Another highlight of the inquiry for regional Victoria was to provide more flexibility in the operation of zones, which could mean “much greater potential for competition between operators in Latrobe Valley and much less restrictions on what operators would do,” according to Dr Cousins.

Some of the recommendations include a 20 per cent rise in fares on Friday and Saturday nights, higher fares for short trips, cheaper long-distance trips, cutting licence fees, a rise in driver’s share of fares to 60 per cent from 50 per cent or less and expansion of concession fares to include people over 80.

With regard to the proposed fare increases, Dr Cousins said it was “not as significant as reported”.

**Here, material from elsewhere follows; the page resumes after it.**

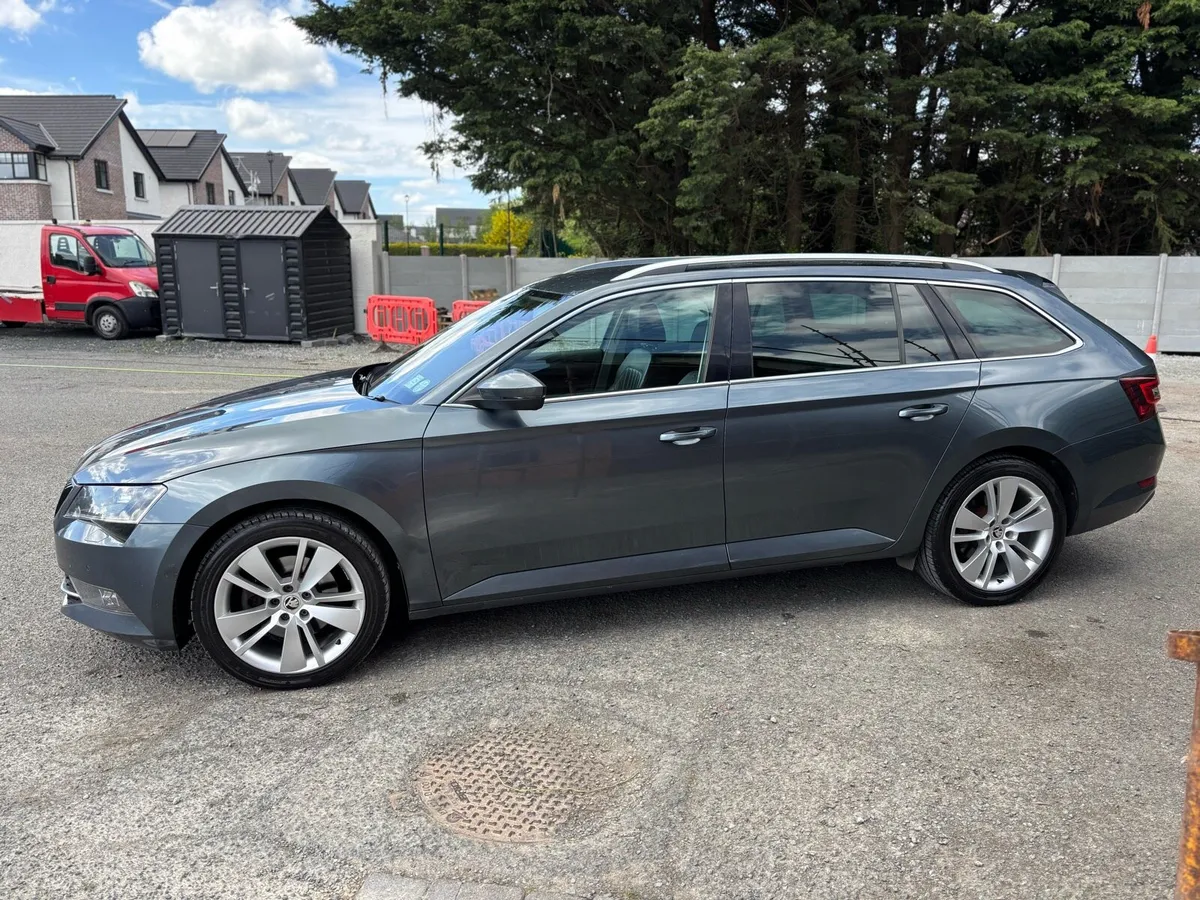 2017 Skoda superb (New NCT) - Image 4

“This is a recommendation particularly applicable in metro areas; we want to see more opportunity for discounting fares to take place. Instead of setting a fixed fare, we want to allow operators to discount under a maximum fare level,” he said.

Meanwhile, the VTA issued a media statement last week saying it would work with members in the coming weeks to review the draft recommendations and provide a detailed response.

“In broad terms, the VTA supports reforms around some of the operational areas of the industry, including fare structuring and driver remuneration,” it said.

“However, we are concerned about moves to dilute the role of booking companies. Attempts to increase the number of taxi licences will result in more expensive cabs and lower service standards”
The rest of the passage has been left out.